The NAACP tweeted on Monday that “today, a new chapter begins” for Garland. A new chapter indeed.
Sen. Jon Ossoff asked Garland during his confirmation hearing on Monday about accountability for local agencies, citing allegations of prosecutorial misconduct in the case of Ahmaud Arbery. Arbery, a Black man, was jogging in South Georgia when he was accused of trespassing, shot, and killed on camera on Feb. 23, 2020, “but local authorities chose to look the other way,” Ossoff said.
The Georgia senator asked how can Congress equip the Department of Justice’s Civil Rights Division to launch more effective “pattern or practice investigations” into allegations of civil rights violations. The Trump administration launched one. “What I will say is that like many, many Americans I was shocked by what I saw, videos of Black Americans being killed over this last summer,” Garland said. What it created was an opportunity “to make dramatic changes and really bring forth equal justice under the law,” Garland added.

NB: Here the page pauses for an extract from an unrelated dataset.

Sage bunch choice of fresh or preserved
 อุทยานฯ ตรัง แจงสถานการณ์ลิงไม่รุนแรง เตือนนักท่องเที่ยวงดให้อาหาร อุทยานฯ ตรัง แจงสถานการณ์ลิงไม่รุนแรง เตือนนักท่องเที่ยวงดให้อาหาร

Many of the Black voters who backed Biden’s bid for the presidency are looking for him to do exactly that. It remains to be seen whether the president’s commitment to criminal justice reform will extend beyond his initial directives and nominations, but ending federal reliance on private prisons and appointing an attorney general who prioritizes civil rights violations constitute a fair start in my book.